The sign above the door was crooked and named the place “The Sleeping Watchman”. Inside was a small common room littered with a few tables and chairs and a long bar along the far side of the room. Behind the bar was a set of swinging doors through which came a voice.
“Just a second,” it called. It was a man’s voice, and it grumbled as groaned as it made it’s way towards the doors.

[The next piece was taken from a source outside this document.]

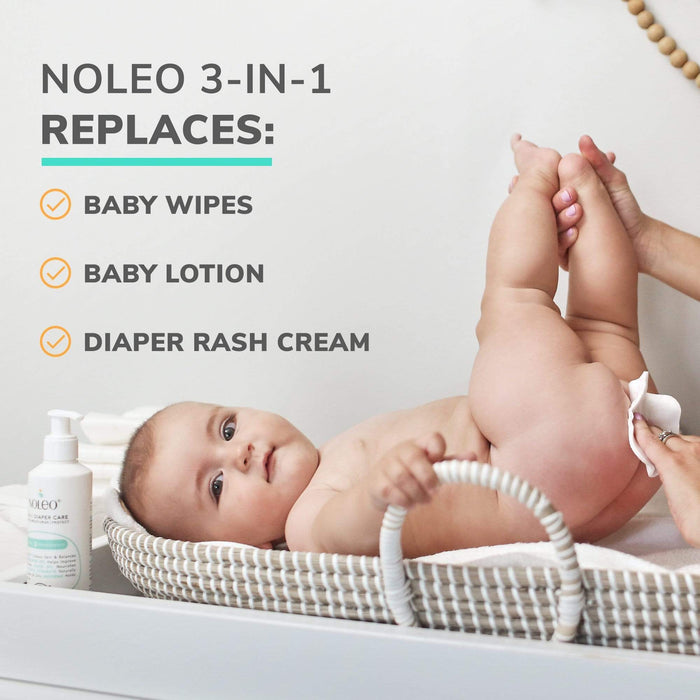 NOLEO DUO: 3-in-1 Diaper Rash Cream & Large Cotton Pads Diaper Rash Treatment Cream > Baby Wipes > Liniment > Organic Baby Wipes > Baby Lotion > Cloth Diaper Safe Rash Cream M4A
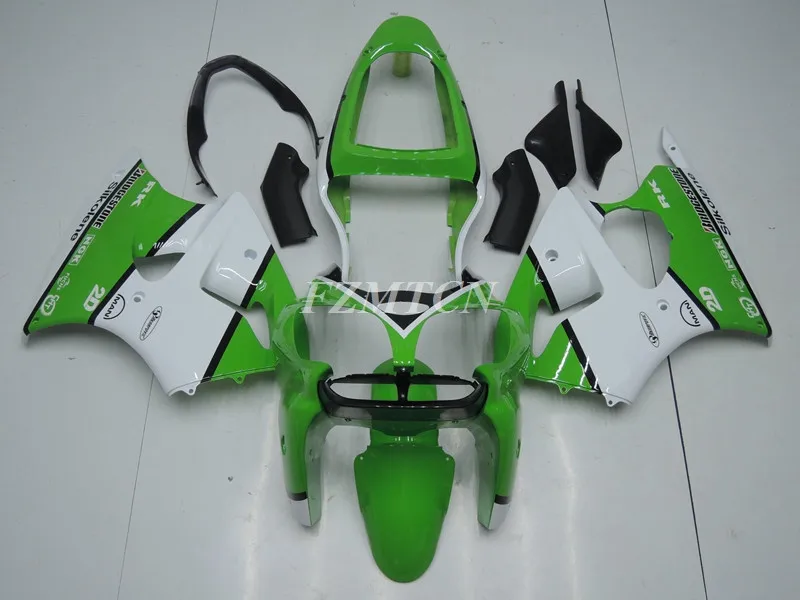 

Комплект обтекателей из АБС-пластика, 4 подарка, подходит для Kawasaki Ninja ZX-6R 636 2000 2001 2002 ZX6R 00 01 02, кузов белого и зеленого цвета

When they swung open, they revealed an elderly man with wispy grey hair and wrinkled skin. He squinted and looked at the Witch Hunter over the top of a pair of small, round glasses, and then his eyes widened. “Oh, you the Witch Hunter?”
“Looks like you’ve been doing a little hunting already.”
The Witch Hunter grimaced and set his things on one of the tables and pulled a small purse from a loop on his belt. “I’ll need a room,” he said, placing a pair of large, gold coins on the bar. “And my horse is tied up outside, I’ll need him stabled.”
The man nodded and took the coins. “I’ll see to the horse,” he said. Then he took out a candle and lit it on one of the others glowing along the wall. “Up those stairs, first door on the right. Anything else?”
“No, thank you.”
“Alright,” said the old man as he made his way towards the door. “Well, I’ll be heading off to bed myself after. Name’s Greene.”
“Otto,” replied the Witch Hunter and nodded at the old man as he left. Then he picked up his things and trudged up the stairs to his room. He closed the door and was relieved to find a bolt on the inside which he quickly slid into place. Then he dropped his things at the foot of the bed and fell into it, asleep as soon as his head touched the pillow.
The next morning Otto awoke to find himself stiff and in pain but otherwise well rested. He lay there for a minute or two before memories of the previous day began running through his mind. It had been stupid to come through the marshes, he knew that, but the road that wound it’s way south, avoiding them altogether, would have added days to his journey, and he’d reasoned that he gain a little first hand knowledge of the area on his way through. Stupid. Foolish. Never go charging in. Set up a base, learn what you can from the locals, and plan accordingly. That was how you did things. That was how you survived.
Well, he thought as he got up and stretched, at least now I know the rumors are true. It had been dusk when the creature attacked. A boggart. A malevolent spirit. And someone had given it a body. Now the ravenous meat puppet was rampaging through the countryside, killing livestock and apparently attacking travelers on the road.
Downstairs Otto found Mr. Greene in the kitchen. He had a fire going and a kettle of porridge was already bubbling above it. Suddenly, Otto was very aware of how hungry he was. The old man waved in greeting and scooped a ladle full into a bowl.
“Here you are,” he said, handing him a spoon. “Want some honey to go with it?
“Thank you, no,” Otto replied. There was a little table in the corner and he sat down at it and began to eat, barely taking the time to blow on it as he did. He could feel the old man’s eyes on him, but he held his tongue as the Witch Hunter ate. When he was done he handed the bowl back and said “Who is in charge in this town?”
“Ah, you’ll be wanting to talk with Elder Hart,” said the old man.